Olympia—On Monday, January 31, 2005, the House Commerce and Labor Committee and the Senate Labor, Commerce, Research & Development Committee will hear testimony from business leaders, workers, and policymakers on recently introduced family leave insurance legislation.
SB 5069, sponsored by Senator Karen Keiser, and HB 1173, sponsored by Representative Mary Lou Dickerson, propose a premium of one-cent per hour worked, paid by both the employer and employee (2 cents total), to fund paid leave benefits when a worker needs to take time off to care for an ill family member, a newborn or newly adopted child, or his/her own illness. Benefits include job protection and paid leave of up to $250 per week for five weeks.
Speaking on behalf of the legislation are:
- Richard E. Clarke, President of Amtech Corporation, a mid-size company with more than 160 employees in Yakima and Yelm. Amtech, recognized as one of the state’s best companies to work for, makes fiberglass hardtops for military vehicles currently used in Iraq as well as fiberglass products for commercial and personal use.
- Dolores Gohndrone, President, Hallmark Services, a small business with 8 employees in Seattle. Hallmark Services works throughout the state providing employment services to hundreds of businesses and thousands of individuals each year.

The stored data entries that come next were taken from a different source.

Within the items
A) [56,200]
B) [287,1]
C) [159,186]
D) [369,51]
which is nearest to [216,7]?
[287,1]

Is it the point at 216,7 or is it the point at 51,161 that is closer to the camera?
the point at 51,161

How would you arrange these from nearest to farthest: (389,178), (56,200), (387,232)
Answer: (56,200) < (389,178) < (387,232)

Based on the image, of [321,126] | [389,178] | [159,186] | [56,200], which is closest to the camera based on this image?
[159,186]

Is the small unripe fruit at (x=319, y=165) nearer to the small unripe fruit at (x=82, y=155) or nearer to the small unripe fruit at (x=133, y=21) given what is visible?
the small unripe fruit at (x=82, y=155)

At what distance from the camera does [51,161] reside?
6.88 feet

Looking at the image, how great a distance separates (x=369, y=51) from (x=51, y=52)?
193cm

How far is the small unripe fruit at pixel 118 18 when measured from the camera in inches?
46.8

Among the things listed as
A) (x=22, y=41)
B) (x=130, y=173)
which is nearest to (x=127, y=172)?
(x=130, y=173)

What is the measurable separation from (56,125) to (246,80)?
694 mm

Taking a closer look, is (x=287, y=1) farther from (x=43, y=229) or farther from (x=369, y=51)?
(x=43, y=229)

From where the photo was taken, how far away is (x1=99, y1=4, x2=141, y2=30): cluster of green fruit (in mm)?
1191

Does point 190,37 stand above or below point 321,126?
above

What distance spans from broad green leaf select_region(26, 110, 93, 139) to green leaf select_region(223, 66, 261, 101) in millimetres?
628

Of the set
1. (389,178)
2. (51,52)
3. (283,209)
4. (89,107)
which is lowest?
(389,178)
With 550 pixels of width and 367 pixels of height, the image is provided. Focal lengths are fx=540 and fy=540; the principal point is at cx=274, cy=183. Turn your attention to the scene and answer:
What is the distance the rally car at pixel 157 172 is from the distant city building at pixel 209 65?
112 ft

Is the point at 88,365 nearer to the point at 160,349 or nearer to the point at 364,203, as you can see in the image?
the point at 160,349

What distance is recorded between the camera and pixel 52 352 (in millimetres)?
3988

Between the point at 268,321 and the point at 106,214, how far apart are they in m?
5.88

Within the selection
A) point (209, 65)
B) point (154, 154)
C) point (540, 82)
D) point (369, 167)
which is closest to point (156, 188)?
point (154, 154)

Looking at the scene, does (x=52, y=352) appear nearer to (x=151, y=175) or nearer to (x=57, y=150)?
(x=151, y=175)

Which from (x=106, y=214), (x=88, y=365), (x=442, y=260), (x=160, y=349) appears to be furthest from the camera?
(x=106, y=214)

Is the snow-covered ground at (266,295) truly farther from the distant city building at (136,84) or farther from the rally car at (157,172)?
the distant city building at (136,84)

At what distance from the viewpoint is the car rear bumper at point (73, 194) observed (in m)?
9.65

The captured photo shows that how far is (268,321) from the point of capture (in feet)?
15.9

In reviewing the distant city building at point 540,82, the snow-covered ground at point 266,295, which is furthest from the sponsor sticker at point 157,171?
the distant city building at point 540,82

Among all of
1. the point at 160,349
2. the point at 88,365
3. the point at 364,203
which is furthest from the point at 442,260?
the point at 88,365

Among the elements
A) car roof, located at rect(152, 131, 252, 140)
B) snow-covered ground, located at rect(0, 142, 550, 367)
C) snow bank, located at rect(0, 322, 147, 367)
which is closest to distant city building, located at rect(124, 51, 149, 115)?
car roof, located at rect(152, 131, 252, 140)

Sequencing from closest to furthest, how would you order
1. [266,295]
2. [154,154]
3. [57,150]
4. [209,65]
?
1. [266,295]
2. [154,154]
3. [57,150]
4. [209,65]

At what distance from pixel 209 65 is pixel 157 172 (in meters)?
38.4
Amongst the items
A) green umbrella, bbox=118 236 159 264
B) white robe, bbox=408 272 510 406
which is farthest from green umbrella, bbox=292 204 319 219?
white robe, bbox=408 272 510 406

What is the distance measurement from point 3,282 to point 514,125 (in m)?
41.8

- Marilyn Watkins, Ph.D., Chair of the Family Leave Coalition and Policy Director at the Economic Opportunity Institute, a public policy institute in Seattle. The Family Leave Coalition is made up of more than 35 organizations representing doctors, children, labor, women, and religious communities.

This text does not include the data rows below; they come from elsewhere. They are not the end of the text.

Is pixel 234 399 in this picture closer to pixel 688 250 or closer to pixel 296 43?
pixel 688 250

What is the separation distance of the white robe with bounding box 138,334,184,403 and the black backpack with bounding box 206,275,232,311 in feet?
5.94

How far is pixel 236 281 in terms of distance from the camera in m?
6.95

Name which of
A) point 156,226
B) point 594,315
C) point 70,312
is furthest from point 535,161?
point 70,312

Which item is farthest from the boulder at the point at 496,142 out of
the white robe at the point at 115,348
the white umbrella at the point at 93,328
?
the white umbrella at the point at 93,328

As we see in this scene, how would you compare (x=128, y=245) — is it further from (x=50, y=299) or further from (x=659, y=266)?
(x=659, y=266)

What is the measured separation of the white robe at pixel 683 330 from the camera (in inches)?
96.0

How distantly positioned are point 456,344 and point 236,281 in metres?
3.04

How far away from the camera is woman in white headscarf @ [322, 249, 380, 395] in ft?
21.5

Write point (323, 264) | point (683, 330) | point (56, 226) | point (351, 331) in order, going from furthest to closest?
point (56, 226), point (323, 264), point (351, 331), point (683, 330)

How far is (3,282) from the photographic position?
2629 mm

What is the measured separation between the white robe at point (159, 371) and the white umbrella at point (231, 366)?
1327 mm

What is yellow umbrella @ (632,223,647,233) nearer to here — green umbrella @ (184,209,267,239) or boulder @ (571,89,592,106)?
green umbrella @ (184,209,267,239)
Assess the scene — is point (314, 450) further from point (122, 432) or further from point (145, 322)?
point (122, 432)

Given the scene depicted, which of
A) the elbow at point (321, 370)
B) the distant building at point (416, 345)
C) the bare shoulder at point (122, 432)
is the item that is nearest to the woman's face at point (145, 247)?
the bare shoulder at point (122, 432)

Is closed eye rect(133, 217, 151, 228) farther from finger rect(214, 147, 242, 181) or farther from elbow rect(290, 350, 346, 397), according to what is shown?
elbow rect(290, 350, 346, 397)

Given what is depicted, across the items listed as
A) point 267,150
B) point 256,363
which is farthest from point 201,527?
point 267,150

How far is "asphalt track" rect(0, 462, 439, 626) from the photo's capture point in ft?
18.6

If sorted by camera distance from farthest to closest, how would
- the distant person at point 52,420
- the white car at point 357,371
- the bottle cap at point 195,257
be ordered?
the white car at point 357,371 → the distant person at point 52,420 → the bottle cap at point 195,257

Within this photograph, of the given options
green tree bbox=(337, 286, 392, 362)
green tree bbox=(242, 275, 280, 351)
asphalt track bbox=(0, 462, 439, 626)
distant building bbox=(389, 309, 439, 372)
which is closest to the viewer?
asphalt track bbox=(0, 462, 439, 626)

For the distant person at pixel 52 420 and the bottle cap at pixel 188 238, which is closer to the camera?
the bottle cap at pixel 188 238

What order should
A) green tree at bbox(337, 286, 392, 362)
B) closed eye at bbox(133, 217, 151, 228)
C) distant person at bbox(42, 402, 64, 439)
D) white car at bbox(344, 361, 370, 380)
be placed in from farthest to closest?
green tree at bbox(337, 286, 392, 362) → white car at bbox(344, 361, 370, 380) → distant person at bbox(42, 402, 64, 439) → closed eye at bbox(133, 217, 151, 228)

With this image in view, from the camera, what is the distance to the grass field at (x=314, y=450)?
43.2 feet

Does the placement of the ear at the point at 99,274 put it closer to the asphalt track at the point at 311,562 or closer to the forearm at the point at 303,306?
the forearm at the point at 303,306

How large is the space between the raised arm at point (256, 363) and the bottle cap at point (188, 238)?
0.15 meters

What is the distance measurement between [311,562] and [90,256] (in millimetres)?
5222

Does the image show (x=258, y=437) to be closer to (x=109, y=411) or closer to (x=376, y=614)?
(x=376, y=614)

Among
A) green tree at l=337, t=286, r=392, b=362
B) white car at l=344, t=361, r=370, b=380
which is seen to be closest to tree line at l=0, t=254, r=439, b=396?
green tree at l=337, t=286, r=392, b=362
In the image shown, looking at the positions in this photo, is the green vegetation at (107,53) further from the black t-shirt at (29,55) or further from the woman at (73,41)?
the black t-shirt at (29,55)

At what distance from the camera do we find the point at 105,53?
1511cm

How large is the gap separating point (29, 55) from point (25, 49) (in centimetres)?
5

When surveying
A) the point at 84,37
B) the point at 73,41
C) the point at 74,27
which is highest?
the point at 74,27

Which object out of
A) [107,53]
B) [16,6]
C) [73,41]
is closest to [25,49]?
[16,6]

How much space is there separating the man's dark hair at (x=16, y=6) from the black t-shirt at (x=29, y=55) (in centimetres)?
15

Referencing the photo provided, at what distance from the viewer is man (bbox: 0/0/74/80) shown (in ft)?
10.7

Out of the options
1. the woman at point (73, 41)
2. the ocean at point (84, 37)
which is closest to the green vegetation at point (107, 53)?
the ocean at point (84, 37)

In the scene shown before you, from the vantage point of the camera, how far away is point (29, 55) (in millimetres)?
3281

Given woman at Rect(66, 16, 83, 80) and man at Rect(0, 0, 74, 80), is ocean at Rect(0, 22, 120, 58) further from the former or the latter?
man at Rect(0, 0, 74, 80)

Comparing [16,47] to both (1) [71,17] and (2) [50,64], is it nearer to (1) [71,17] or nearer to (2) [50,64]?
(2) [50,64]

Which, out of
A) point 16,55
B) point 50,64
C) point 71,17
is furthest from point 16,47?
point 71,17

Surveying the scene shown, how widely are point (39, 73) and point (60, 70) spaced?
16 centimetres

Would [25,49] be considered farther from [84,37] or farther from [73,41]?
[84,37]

- Selena Allen, Program Specialist, Washington Association for the Education of Young Children. Ms. Allen, who went back to work two days after her second child was born prematurely and required hospitalization, needed to save her limited paid leave to care for her child when he came home from the hospital.

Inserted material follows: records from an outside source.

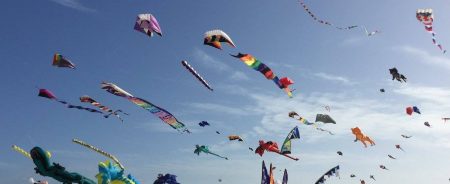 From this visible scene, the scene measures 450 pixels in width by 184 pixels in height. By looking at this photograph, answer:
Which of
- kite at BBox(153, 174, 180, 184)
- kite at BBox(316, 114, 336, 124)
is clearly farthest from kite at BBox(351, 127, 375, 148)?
kite at BBox(153, 174, 180, 184)

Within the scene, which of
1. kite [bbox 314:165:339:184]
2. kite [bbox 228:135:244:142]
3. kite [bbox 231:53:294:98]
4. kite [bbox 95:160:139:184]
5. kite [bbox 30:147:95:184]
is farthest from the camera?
kite [bbox 228:135:244:142]

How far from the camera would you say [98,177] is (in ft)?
44.5

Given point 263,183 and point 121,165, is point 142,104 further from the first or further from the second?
point 263,183

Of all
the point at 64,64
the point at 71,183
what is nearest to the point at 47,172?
the point at 71,183

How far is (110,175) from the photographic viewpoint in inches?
538

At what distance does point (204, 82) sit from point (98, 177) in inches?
479

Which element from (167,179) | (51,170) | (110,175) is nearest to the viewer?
(51,170)

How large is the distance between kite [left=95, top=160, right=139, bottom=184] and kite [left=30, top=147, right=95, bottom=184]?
36 cm

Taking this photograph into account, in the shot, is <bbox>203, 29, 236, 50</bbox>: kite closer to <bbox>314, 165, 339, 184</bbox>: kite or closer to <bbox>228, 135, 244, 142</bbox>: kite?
<bbox>314, 165, 339, 184</bbox>: kite

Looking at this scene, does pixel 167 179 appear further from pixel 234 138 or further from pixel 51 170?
pixel 234 138

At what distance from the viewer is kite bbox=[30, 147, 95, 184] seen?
13188mm

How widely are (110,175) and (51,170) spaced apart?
1785mm

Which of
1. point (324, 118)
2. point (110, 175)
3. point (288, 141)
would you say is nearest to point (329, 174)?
point (288, 141)

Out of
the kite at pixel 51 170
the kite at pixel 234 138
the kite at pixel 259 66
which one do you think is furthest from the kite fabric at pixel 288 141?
the kite at pixel 234 138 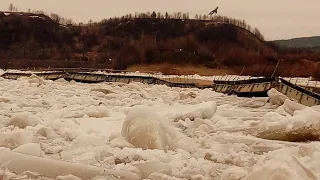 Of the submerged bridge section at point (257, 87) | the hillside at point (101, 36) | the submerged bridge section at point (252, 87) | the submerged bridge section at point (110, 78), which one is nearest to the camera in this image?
the submerged bridge section at point (257, 87)

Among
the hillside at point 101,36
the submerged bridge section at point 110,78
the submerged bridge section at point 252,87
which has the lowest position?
the submerged bridge section at point 110,78

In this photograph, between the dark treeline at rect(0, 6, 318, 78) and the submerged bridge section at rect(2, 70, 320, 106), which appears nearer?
the submerged bridge section at rect(2, 70, 320, 106)

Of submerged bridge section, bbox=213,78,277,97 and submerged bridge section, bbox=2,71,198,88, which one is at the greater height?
submerged bridge section, bbox=213,78,277,97

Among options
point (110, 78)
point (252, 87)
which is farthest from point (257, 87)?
point (110, 78)

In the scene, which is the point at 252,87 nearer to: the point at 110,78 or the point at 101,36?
the point at 110,78

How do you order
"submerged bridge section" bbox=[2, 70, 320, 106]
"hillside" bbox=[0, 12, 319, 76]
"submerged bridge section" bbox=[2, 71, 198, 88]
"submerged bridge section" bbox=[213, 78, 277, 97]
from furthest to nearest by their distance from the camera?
1. "hillside" bbox=[0, 12, 319, 76]
2. "submerged bridge section" bbox=[2, 71, 198, 88]
3. "submerged bridge section" bbox=[213, 78, 277, 97]
4. "submerged bridge section" bbox=[2, 70, 320, 106]

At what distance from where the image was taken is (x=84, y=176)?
3314 millimetres

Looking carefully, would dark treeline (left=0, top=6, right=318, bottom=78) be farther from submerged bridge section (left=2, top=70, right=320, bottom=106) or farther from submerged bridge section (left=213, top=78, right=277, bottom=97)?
submerged bridge section (left=213, top=78, right=277, bottom=97)

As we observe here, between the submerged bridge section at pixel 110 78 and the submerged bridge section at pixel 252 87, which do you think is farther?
the submerged bridge section at pixel 110 78

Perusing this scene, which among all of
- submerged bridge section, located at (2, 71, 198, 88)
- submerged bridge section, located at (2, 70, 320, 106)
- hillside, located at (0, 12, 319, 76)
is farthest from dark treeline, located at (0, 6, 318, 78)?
submerged bridge section, located at (2, 70, 320, 106)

- Kathleen Porch-Teschner, Program Assistant, Program for Early Parent Support. Ms. Porch-Teschner went back to work two weeks after an emergency Caesarean delivery because she was concerned that she would lose her job.
- Jerri Wood, Retired Qwest Employee. As a former Communication Workers of America community service chair and steward, Ms. Wood has first-hand experience in the difficulties families face trying to meet their financial obligations as well as take care of their illnesses.